12 Text mining with sparklyr

12.0.1 Data source

For this example, there are two files that will be analyzed. They are both the full works of Sir Arthur Conan Doyle and Mark Twain. The files were downloaded from the Gutenberg Project site via the gutenbergr package. Intentionally, no data cleanup was done to the files prior to this analysis. See the appendix below to see how the data was downloaded and prepared.

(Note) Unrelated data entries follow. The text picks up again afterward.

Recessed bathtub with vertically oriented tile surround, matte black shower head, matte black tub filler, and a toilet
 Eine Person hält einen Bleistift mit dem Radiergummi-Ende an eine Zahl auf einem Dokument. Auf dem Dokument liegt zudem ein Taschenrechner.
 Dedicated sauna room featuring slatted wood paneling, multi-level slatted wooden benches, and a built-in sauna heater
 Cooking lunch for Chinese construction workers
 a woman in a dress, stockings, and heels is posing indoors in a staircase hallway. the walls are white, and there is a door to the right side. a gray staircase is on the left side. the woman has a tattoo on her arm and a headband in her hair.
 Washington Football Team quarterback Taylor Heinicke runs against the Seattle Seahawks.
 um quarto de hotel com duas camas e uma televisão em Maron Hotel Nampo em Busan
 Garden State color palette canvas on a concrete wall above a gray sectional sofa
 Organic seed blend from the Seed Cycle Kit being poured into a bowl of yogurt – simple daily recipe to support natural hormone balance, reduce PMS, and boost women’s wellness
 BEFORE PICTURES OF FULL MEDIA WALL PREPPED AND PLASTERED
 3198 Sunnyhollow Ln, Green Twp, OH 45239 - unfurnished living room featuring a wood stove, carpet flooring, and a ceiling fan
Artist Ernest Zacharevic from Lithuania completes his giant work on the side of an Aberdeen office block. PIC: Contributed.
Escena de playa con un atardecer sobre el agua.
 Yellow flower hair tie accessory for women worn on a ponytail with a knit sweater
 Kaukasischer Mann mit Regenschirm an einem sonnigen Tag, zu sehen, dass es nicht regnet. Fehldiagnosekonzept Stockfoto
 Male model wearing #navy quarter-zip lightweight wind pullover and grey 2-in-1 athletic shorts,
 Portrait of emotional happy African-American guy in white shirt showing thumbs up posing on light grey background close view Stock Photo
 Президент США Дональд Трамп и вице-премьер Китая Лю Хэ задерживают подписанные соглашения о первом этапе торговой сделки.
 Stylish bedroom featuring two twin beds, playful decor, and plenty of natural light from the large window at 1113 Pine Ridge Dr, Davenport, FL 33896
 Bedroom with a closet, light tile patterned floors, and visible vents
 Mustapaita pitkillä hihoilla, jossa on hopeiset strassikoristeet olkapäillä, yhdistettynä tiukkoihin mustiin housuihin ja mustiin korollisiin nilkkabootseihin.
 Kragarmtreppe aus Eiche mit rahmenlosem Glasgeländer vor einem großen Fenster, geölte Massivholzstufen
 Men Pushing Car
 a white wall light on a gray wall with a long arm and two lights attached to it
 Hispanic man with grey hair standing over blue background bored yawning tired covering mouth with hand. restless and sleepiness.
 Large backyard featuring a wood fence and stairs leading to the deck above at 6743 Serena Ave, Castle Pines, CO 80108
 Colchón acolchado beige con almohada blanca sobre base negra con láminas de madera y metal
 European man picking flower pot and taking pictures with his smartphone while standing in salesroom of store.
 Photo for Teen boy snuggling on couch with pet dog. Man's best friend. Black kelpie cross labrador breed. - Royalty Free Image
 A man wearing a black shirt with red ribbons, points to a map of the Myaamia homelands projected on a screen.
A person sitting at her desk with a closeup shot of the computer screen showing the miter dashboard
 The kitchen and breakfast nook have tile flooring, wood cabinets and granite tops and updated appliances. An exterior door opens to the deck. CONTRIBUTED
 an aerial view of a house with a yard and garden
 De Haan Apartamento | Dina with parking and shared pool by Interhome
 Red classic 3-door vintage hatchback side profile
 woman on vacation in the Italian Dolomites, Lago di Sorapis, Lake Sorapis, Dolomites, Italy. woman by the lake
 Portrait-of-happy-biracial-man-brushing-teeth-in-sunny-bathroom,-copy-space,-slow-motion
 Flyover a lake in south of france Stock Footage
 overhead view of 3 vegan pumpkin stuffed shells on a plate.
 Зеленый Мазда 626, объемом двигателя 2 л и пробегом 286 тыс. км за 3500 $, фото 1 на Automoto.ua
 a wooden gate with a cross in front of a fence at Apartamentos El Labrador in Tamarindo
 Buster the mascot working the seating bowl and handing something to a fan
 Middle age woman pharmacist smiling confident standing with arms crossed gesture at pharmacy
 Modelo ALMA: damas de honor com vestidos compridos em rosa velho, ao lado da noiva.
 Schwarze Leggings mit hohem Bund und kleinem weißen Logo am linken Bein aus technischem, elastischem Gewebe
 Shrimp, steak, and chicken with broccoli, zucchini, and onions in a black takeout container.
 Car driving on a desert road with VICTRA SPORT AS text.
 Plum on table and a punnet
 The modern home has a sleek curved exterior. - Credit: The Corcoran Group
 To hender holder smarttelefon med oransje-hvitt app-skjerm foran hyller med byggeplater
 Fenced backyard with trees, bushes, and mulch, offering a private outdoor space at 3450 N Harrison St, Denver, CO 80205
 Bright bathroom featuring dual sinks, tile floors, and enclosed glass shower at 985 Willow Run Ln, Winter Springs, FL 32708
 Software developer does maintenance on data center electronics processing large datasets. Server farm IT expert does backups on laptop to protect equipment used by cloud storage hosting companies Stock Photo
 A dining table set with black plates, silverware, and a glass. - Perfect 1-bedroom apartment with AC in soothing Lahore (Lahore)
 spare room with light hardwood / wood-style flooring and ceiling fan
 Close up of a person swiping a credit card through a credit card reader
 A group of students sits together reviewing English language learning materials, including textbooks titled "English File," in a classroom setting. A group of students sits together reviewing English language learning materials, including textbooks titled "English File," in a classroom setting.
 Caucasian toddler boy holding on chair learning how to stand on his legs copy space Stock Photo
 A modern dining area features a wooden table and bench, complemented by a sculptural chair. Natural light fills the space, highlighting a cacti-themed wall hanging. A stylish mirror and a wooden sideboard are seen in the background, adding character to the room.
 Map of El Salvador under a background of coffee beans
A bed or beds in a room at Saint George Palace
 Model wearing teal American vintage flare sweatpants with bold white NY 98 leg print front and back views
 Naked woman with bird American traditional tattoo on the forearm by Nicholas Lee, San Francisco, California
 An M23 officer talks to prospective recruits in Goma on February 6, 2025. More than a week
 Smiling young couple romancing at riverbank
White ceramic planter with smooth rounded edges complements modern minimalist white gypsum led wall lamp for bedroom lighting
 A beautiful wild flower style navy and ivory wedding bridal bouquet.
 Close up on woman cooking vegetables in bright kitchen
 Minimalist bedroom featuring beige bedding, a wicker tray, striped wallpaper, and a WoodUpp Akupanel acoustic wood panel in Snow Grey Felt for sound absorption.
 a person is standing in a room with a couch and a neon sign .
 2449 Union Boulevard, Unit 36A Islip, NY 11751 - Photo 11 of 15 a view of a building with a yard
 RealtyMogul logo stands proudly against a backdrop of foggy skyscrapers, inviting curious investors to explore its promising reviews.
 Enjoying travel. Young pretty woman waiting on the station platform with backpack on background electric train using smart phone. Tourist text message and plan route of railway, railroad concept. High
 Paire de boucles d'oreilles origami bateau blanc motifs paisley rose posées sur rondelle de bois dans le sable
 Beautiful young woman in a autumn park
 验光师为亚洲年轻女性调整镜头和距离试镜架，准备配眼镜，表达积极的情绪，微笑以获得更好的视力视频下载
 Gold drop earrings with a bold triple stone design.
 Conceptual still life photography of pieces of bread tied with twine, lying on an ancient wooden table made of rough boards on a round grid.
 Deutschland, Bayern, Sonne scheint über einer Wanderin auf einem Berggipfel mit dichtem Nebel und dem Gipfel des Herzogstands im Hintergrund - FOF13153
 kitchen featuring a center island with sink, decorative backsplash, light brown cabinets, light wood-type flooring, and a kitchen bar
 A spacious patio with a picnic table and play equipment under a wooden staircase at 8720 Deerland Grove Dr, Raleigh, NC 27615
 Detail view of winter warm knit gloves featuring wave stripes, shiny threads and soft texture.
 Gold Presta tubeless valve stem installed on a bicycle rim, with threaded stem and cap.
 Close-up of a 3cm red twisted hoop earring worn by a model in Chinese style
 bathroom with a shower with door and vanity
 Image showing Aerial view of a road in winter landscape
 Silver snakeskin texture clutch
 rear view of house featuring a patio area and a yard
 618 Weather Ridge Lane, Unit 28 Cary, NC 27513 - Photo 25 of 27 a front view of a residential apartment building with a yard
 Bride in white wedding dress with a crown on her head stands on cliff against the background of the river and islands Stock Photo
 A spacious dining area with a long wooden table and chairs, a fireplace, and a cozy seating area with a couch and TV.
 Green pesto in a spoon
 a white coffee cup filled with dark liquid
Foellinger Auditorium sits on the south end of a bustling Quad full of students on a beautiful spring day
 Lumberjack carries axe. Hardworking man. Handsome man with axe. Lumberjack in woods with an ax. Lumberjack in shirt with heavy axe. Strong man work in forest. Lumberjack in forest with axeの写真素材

readLines("/usr/share/bonus/arthur_doyle.txt", 30) 

12.1 Data Import

  1. Open a Spark session
library(sparklyr)
library(dplyr)

conf <- spark_config()
conf$`sparklyr.cores.local` <- 4
conf$`sparklyr.shell.driver-memory` <- "8G"
conf$spark.memory.fraction <- 0.9

sc <- spark_connect(master = "local", config = conf,version = "2.0.0")
  1. The spark_read_text() is a new function which works like readLines() but for sparklyr. Use it to read the mark_twain.txt file into Spark.
twain_path <- paste0("file:///usr/share/bonus/mark_twain.txt")
twain <-  spark_read_text(sc, "twain", twain_path) 
  1. Read the arthur_doyle.txt file into Spark
doyle_path <-  paste0("file:///usr/share/bonus/arthur_doyle.txt")
doyle <-  spark_read_text(sc, "doyle", doyle_path) 

12.2 Prepare the data

  1. Use sdf_bind_rows() to append the two files together
all_words <- doyle %>%
  mutate(author = "doyle") %>%
  sdf_bind_rows({
    twain %>%
      mutate(author = "twain")
  }) %>%
  filter(nchar(line) > 0)
  1. Use Hive’s regexp_replace to remove punctuation
all_words <- all_words %>%
  mutate(line = regexp_replace(line, "[_\"\'():;,.!?\\-]", " ")) 
  1. Use ft_tokenizer() to separate each word.
all_words <- all_words %>%
    ft_tokenizer(input.col = "line",
               output.col = "word_list")

head(all_words, 4)
  1. Remove “stop words” with the ft_stop_words_remover() transformer
all_words <- all_words %>%
  ft_stop_words_remover(input.col = "word_list",
                        output.col = "wo_stop_words")

head(all_words, 4)
  1. Un-nest the tokens with explode
all_words <- all_words %>%
  mutate(word = explode(wo_stop_words)) %>%
  select(word, author) %>%
  filter(nchar(word) > 2)
  
head(all_words, 4)
  1. Cache the all_words variable using compute()
all_words <- all_words %>%
  compute("all_words")

12.3 Data Analysis

  1. Words used the most by author
word_count <- all_words %>%
  group_by(author, word) %>%
  tally() %>%
  arrange(desc(n)) 
  
word_count
  1. Figure out which words are used by Doyle but not Twain
doyle_unique <- filter(word_count, author == "doyle") %>%
  anti_join(filter(word_count, author == "twain"), by = "word") %>%
  arrange(desc(n)) %>%
  compute("doyle_unique")

doyle_unique
  1. Use wordcloud to visualize the data in the previous step
doyle_unique %>%
  head(100) %>%
  collect() %>%
  with(wordcloud::wordcloud(
    word, 
    n,
    colors = c("#999999", "#E69F00", "#56B4E9","#56B4E9")))
  1. Find out how many times Twain used the word “sherlock”
all_words %>%
  filter(author == "twain",
         word == "sherlock") %>%
  tally()
  1. Against the twain variable, use Hive’s instr and lower to make all ever word lower cap, and then look for “sherlock” in the line
twain %>%
  mutate(line = lower(line)) %>%
  filter(instr(line, "sherlock") > 0) %>%
  pull(line)

Most of these lines are in a short story by Mark Twain called A Double Barrelled Detective Story. As per the Wikipedia page about this story, this is a satire by Twain on the mystery novel genre, published in 1902.

spark_disconnect(sc)